Health Committee - The Government's Alcohol StrategyWritten evidence from the Office of Fair Trading (GAS 09)

1. This short note responds to the Health Committee’s inquiry into the Government’s Alcohol Strategy, launched on 26 March 2012. The Office of Fair Trading (OFT) would like to provide evidence to the Committee on two elements of the Government’s policy:

proposals for a minimum price of alcohol; and

possible voluntary industry agreements under the Responsibility Deal.

2. We are aware of the evidence demonstrating the harmful effects of excessive alcohol consumption and fully support the Government’s desire to reduce that harm. The views expressed here are not in any way intended to challenge the Government’s wider policy objectives. The OFT has a remit to comment solely on the competition and consumer aspects of Government policies.1 We recognise that the Government must weigh any concerns relating to competition and consumers against its wider policy goals.

3. This document sets out:

The background to the OFT’s involvement in alcohol policy.

The competition and consumer concerns about the proposal to introduce a minimum price for alcohol.

A brief comment on the legal issues relating to minimum pricing.

Brief comments on voluntary agreements and the Responsibility Deal.

4. The OFT has made a number of recent submissions to other Parliamentary inquiries in relation to alcohol policy in the UK:

The OFT gave evidence to the 2009 Health Select Committee inquiry into alcohol policy.2 This included a written memorandum,3 and oral evidence to the Committee.4

The OFT gave written and oral evidence to the 2010 Health and Sport Committee of the Scottish Parliament on the Alcohol etc. (Scotland) Bill (SP Bill 34).5

In November 2011, the OFT made a short submission to the Scottish Select Committee inquiry into the Alcohol (Minimum Pricing) (Scotland) Bill.6

5. The comments below build on points we have raised publicly in these previous submissions.

Background

6. The OFT is an independent, non-ministerial government department, with lead responsibility for enforcing competition and consumer law in the UK. Our mission is to make markets work well for consumers. Markets work well when businesses are in open, fair and vigorous competition with each other for the consumer’s custom. We pursue our mission by:

encouraging businesses to comply with competition and consumer law and to improve their trading practices through self-regulation;

acting decisively to stop hardcore or flagrant offenders;

studying markets and recommending action where required; and

empowering consumers with the knowledge and skills to make informed choices and get the best value from markets.
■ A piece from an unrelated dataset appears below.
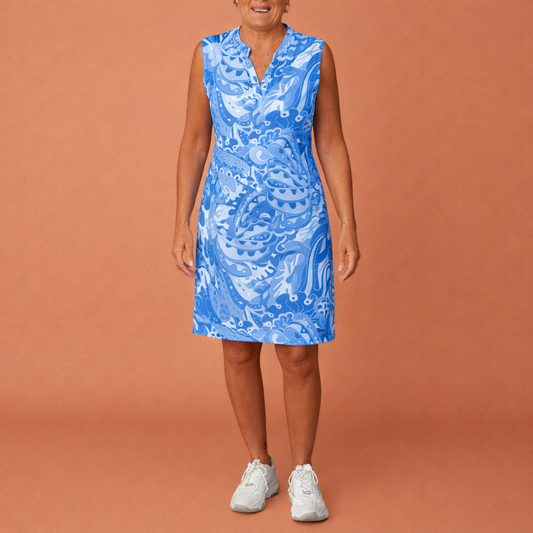Sleeveless Midi Dress with V-Neck and Print for Women | Camilla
7. The OFT has a range of enforcement powers under different statutes to address competition concerns in markets. Of these, the Competition Act 1998 (CA98) is most relevant to the current discussions of alcohol policy.
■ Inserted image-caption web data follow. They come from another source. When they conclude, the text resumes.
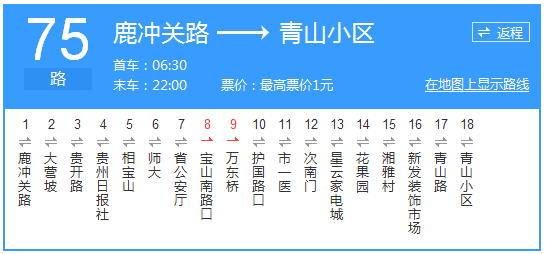 貴陽(yáng)公交75路路線示意圖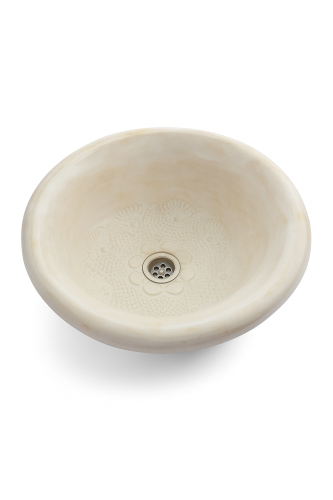 Ceramiczna umywalka nablatowa wpuszczana kremowa 41 cm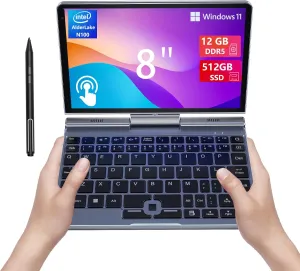 8 Inch Mini Laptop HD Touchscreen Portable Small Computer, Windows 11 Pro Laptop for Business and Students,Intel N100 12GB LPDDR5 512GB M.2 SSD,Wi-Fi 6,BT5.2,2MP Camera,G-Sensor,HDMI,Type C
8. The CA98 is designed to secure the benefits of competition—for example a level playing field for firms, lower prices and greater choice for consumers and economic growth. It does so by prohibiting certain types of anti-competitive behaviour (the Chapter I and Chapter II prohibitions). The OFT has strong powers to investigate businesses suspected of breaching the CA98 and to impose penalties on those that do.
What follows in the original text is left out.